Yerodia verklaarde tijdens een televisietoespraak in 1998 dat ‘Tutsi’s microben zijn die systematisch en met volharding uitgeroeid moeten worden’. In de dagen daarop slachtten leger en burgers twaalfhonderd Tutsi’s af in de Congolese hoofdstad Kinshasa en kort daarna benoemde toenmalig president Laurent Kabila Yerodia tot minister van Buitenlandse Zaken.

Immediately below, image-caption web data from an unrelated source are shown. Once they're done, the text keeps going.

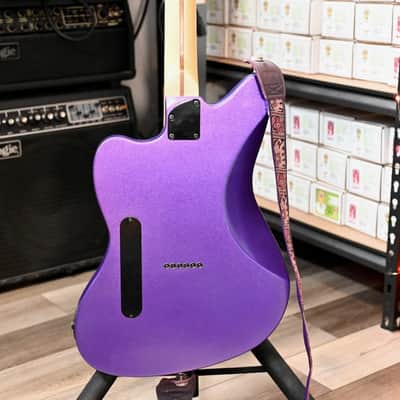 Fender Jim Root Artist Series Signature Jazzmaster 2014 - Present - Flat Black image 4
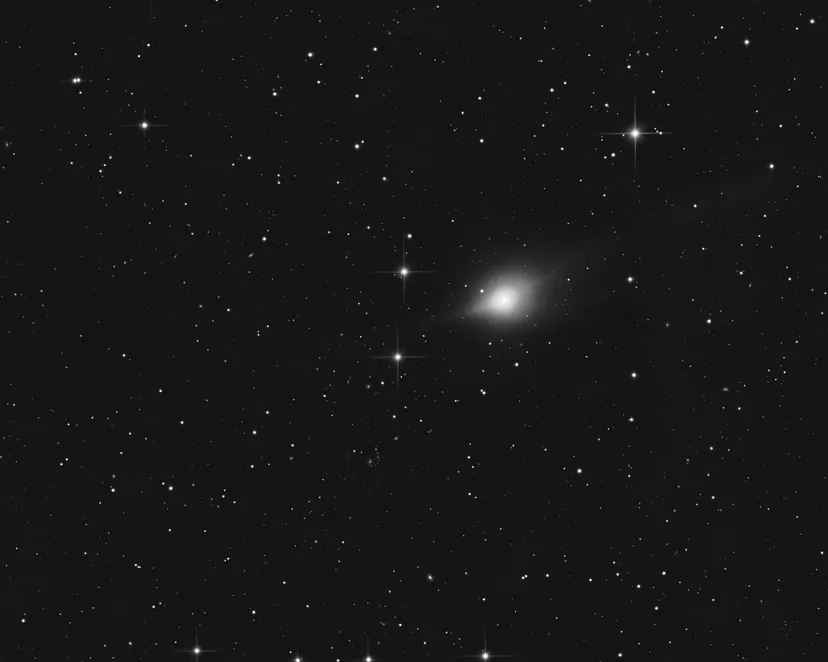 Астрофизик предложил объяснение загадки хвоста 3I/ATLAS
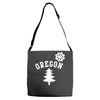oregon Adjustable Strap Totes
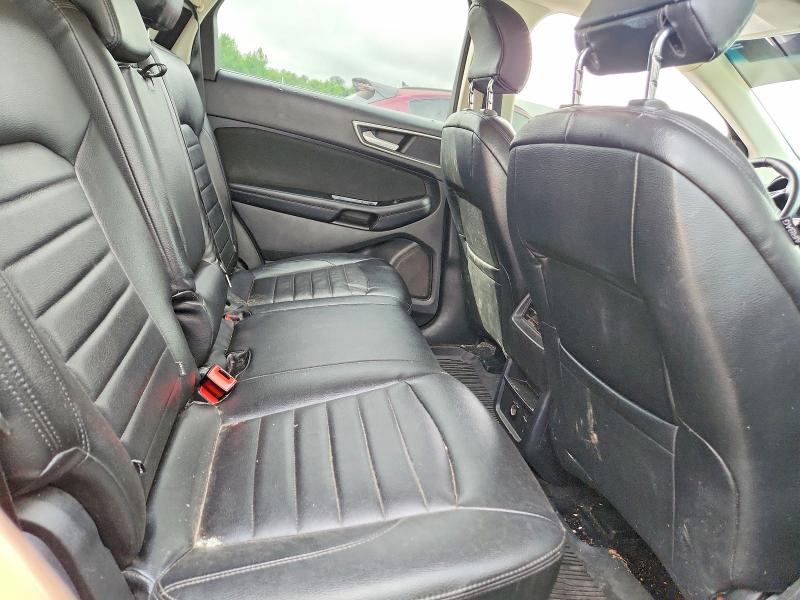 Photo 11 from auction – 2018 FORD EDGE with VIN 2FMPK4J94JBB64201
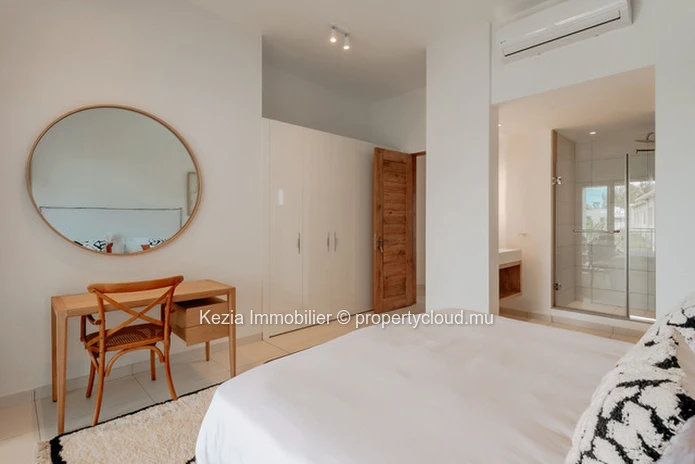 Luxury penthouse with private swimming pool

Net als Sharon, Saddam Hoessein, Fidel Castro en een handvol Afrikaanse leiders werd Yerodia bij onze zuiderburen aangeklaagd, omdat België in 1993 de ‘wet van universele competentie’ aannam. Deze stelt dat in geval van grove schending van de mensenrechten, waar dan ook ter wereld en door wie dan ook begaan, iedere Belgische rechtbank bevoegd is de zaak te beoordelen. Echter, naar aanleiding van het in april 2000 uitgevaardigde arrestatiebevel sleepte de Democratische Republiek Congo België voor het Internationaal Gerechtshof in Den Haag, omdat strafvervolging in strijd zou zijn met het ongeschreven principe der diplomatieke onschendbaarheid.

Op 14 februari stelde het hof Congo in het gelijk en gooide daarmee de deur van nationale strafvervolging van grove internationale misdrijven in het slot. Volgens het Haagse hof is een minister in functie immuun voor alle activiteiten begaan voor of tijdens zijn bewind. Het hof is van mening dat vervolging slechts ingesteld kan worden nadat de minister is afgetreden, hetgeen betekent dat de Belgische justitie weer van voren af aan kan beginnen, want Yerodia is inmiddels minister af.

Wellicht staat de beslissing in het licht van het inmiddels opgerichte Internationaal Gerechtshof, dat zich speciaal gaat bezighouden met zaken als schending van de mensenrechten, volkerenmoord en oorlogsmisdaden. Maar dat lijkt, ondanks alle goede bedoelingen, een dood geboren kindje. Slechts zestig landen hebben het oprichtingsverdrag geratificeerd. Israël weigert te tekenen en ook de Verenigde Staten hebben officieel verklaard niet te zullen deelnemen, indien ook Amerikaanse burgers en officials onder de jurisdictie vallen. Sowieso mag het hof geen misdaden onderzoeken die vóór haar oprichting plaatsvonden.

België wordt als rechter van de wereld waarschijnlijk het kind van de rekening. Steeds vaker hameren Belgische politici en magistraten er dan ook op dat in plaats van als enige uit te gaan van universele competentie men beter de rest van Europa overtuigt een soortgelijk beleid te voeren. Maar de EU is daartoe niet geneigd. Gezien het huidige politieke klimaat en het feit dat Sharon de zeer gerespecteerde minister-president van Israël is, lijkt de kans op vervolging voor de slachtpartij in Sabra en Shatila dus minimaal.